Monday, December 31, 2012

Sauvie Island, Oregon...

Anyone who knows me, or knows anything about me, probably knows that I'm a eagle freak. I just think the American Bald Eagle is the single most majestic animal on the planet, not to mention our enduring symbol of freedom to the rest of the world.
 
So, it was with great anticipation that I headed to Sauvie Island, about a half hour northwest of Portland, Oregon. They said (you know, the proverbial "they") that they eagles would be all over Sauvie Island. That, for me, would be a complete and total score.
 
We headed out a bit later than I normally would, and we got to Sauvie Island in a little under an hour. I'm still getting to know the roads up here, and I have to say that some of the interchanges of the Portland freeway system easily rival anything found in a city like Los Angeles. We weaved our way through it all, though and, before long, we were crossing the bridge onto Sauvie Island.
 
Sauvie Island, originally named Wapato Island by Lewis & Clark, is not a big place, at least not in the grand scheme of things. It's 26,000 acres, which is divided up among private homes and farms, preserve and hunting areas. It is, however, one of the largest river islands in the United States, and has a population of around 1,100.
 
We were here, primarily, for eagles. While we didn't see the scores of birds we'd been led to believe would be here, we did see some.
 
Before we got to see them, though, there was business to attend to. To access just about any public spot on the island; well, at least to park your car, you need a permit:
 
A bargain at seven bucks...
 
And, if you think you'll be able to skirt through the day without spending seven whole dollars on a parking permit, allow me to introduce you to Officer Deforrest. It's Officer Deforrest's job to ensure that people like me are in compliance with the rules on the island:
 
She will find you, she will ticket you, and it will cost you a Helluva' lot more than $7.00...
Officer Deforrest was actually very nice, and even gave us some tips as to where we might find some more eagles (those tips didn't pan out, unfortunately). She was also kind enough to alert us to the presence of a "clothing optional" beach. Apparently, she was shocked to find some folks enjoying the brisk morning air out there earlier in the day.
 
When we drove by the beach, indeed, there were nekked people out there. And, no, I'm not going to include a picture, but lest you think I'm making it up about the beach:
 
Yep, even in winter...
 
I've seen Bald Eagles in the wild before; both times in this part of the world. I was in Victoria, BC the first time, when one flew past me over my left shoulder. I had my camera but, as I was walking in the direction it was flying, I ended up with only eagle ass-shots. The other time was on a ferry from Vancouver, BC to Victoria. That time, there were dozens of them in the trees on the banks of the Strait. Unfortunately, they were so far away that, even with my 50-500mm lens zoomed all the way out, I wasn't able to get decent shots of them.
 
Today, I'd hoped, would be different.
 
As we're driving down the road, we don't dare go more than 15 or 20 miles per hour, for fear that we'll miss something. As it turns out, that was a good approach. Off in the distance (well, some distance off the road), there were two aeries in the trees. We found a reasonably adequate place to pull over and park, and walked across a field , nearby to the base of the trees.
 
Big lens don't fail me now.
 
I remember standing there, in the middle of this field, just looking at them. They were amazing, amazing creatures. They stood proud and tall on their branches, as if to let everyone know that they knew they were the baddest animal on the island.
 
I was mesmerized; I truly was. God, they were magnificent. They were grandiose.
 
And they were posing.

Lately, I've been using my Canon 5D with the full-frame sensor. For shooting the eagles, though, I opted for the Canon 40D, with the 1.6X image sensor, and the Sigma 50-500mm. That's a total of 800mm of "reach out and touch someone".

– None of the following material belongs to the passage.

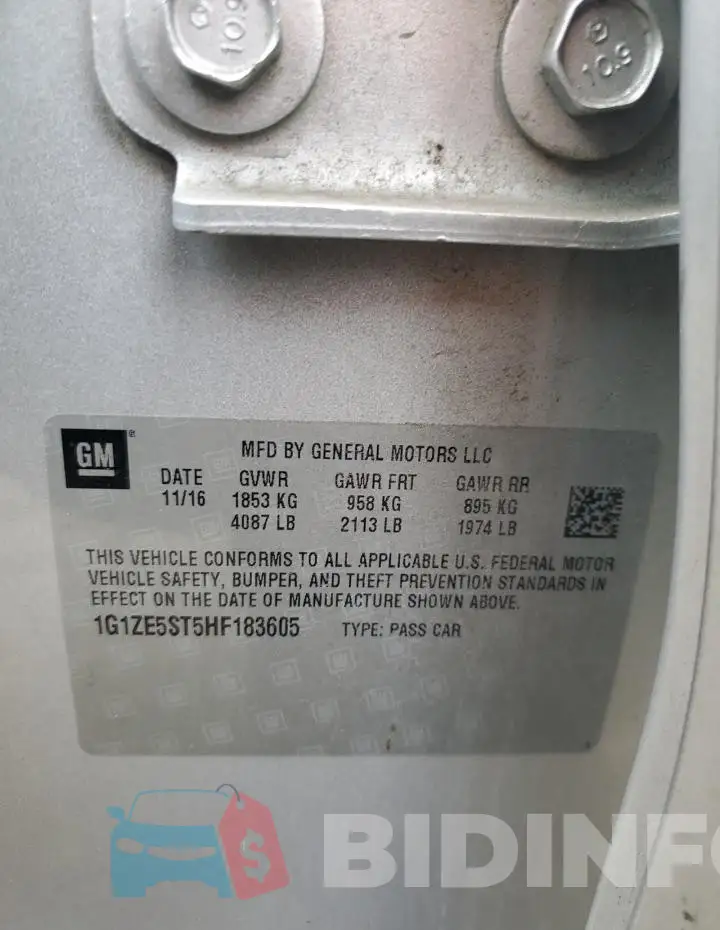 1G1ZE5ST5HF183605 Photo# 12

For never really having an opportunity like this before, I'm basically happy with the results:
 

An American Bald Eagle on Sauvie Island...
 
A Bald Eagle perched high in a tree on Sauvie Island...

An American Bald Eagle...

An American Bald Eagle turns a watchful eye on Sauvie Island, Oregon...
Sadly, these would be the only Bald Eagles we would see on this trip. Somehow, though, it was enough. These magnificent animals spent a long, long time on the endangered species list. Being that they're native only to North America, it's not like there are a lot of other places to find them. It was removed, however, from the endangered species list on July 12, 1995, and moved to the threatened species list, where it remained until June 28, 2007. It remains a protected species, however, and it's still illegal to kill one.

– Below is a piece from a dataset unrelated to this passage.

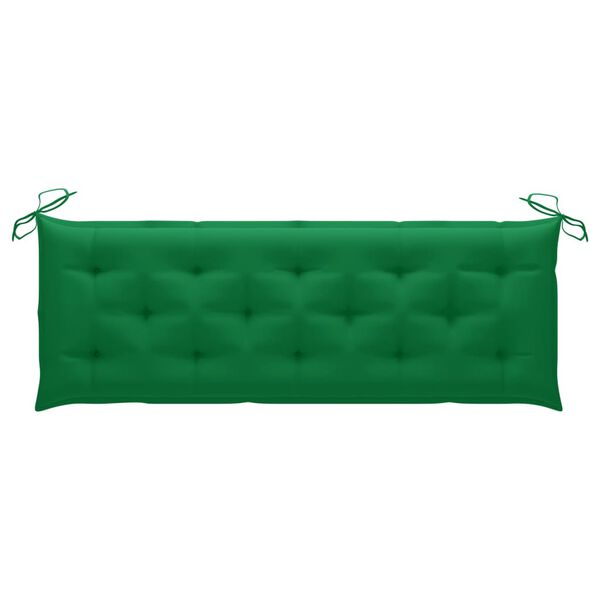 vidaXL 3-Seater Garden Bench with Cushion 150 cm Solid Eucalyptus Wood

Aside from the Bald Eagles, Sauvie Island has a good number of photo ops. Whether it was egrets on a bog or ducks on a lake, opportunities abound:

Mount Hood, well off in the distance, as seen from Sauvie Island...

A lone tree not far off the road...

Virginia Lake...

Sunset on Sauvie Island...

Sunset on Sauvie Island...

A tree and a small pond at the proverbial "end of the road" on Sauvie Island...

Virginia Lake...



Fern and moss grow on everything here...

Mount St. Helens, in Washington, as seen from Sauvie Island. The Willamette River is in the foreground...

Lone trees make good subjects for photos...

Same lone tree, different picture...

Lake Virginia...

Lake Virginia...

Old barns, too, are great photographic subjects...

The setting sun shines through the trees near Multnomah Channel...

Sauvie Island is one of those places which you could easily miss if you weren't looking for it. I hope to get back there before too long, and before the eagles leave, to do some more shooting...
 

Friday, December 28, 2012

The Oregon Coast: Postscript...

My original plan was to remain at the coast until late afternoon Christmas day. I figured this would give me ample time to get in some more shooting and still make it back to Portland early enough to get unpacked, have some dinner and get a good night's sleep.
 
The weather report, though, compelled me to alter those plans. It was raining at the coast. When it's raining in the lower elevations, it's a fair bet that, in winter, it's snowing in the mountains. There were mountains between Garibaldi and Portland, so this was a particular concern. As I've covered previously, I own neither chains or "traction tires". Accordingly, driving in the snow can only be, at best, challenging. So, I decided it would be best to head back to Portland early, hopefully missing what was sure to be a blizzard in the mountains.
 
I finished breakfast at Kelly's Place, and pulled out of the parking lot at 10:45am. The rain was relentless, so I decided I wasn't going to push my pace. I had all day to get back to Portland, and all that really mattered is that I got back there safely.
 
As I made my way back towards the mountains, I was reminded of the fact that this trip just wasn't long enough. I wanted to see more. I wanted to do more. I wanted to visit that Mecca of cheese, the Tillamook Cheese factory:
 
Mmmmmmmmm... Cheddar...
I'd spent one day heading north, and there just wasn't an opportunity to spend time exploring to the south. I guess I'll just have to wait until my next trip out here to experience the grandeur of a nice, sharp Tillamook cheddar.
 
There are also a myriad of places to shoot the rivers and creeks along the highway, all of which offer pretty dramatic views of a number of different waterways. I would imagine that, once the snows start to melt, that these rivers start raging:
One of the countless rivers along the pass...
It wasn't long before I found myself heading into the mountains, and those dreaded signs; the ones about traction tires and snow chains, which remind me that, as much as I might believe the contrary, I'm just not prepared for this. I would be fine, I concluded, and I was.
 
For about a half hour.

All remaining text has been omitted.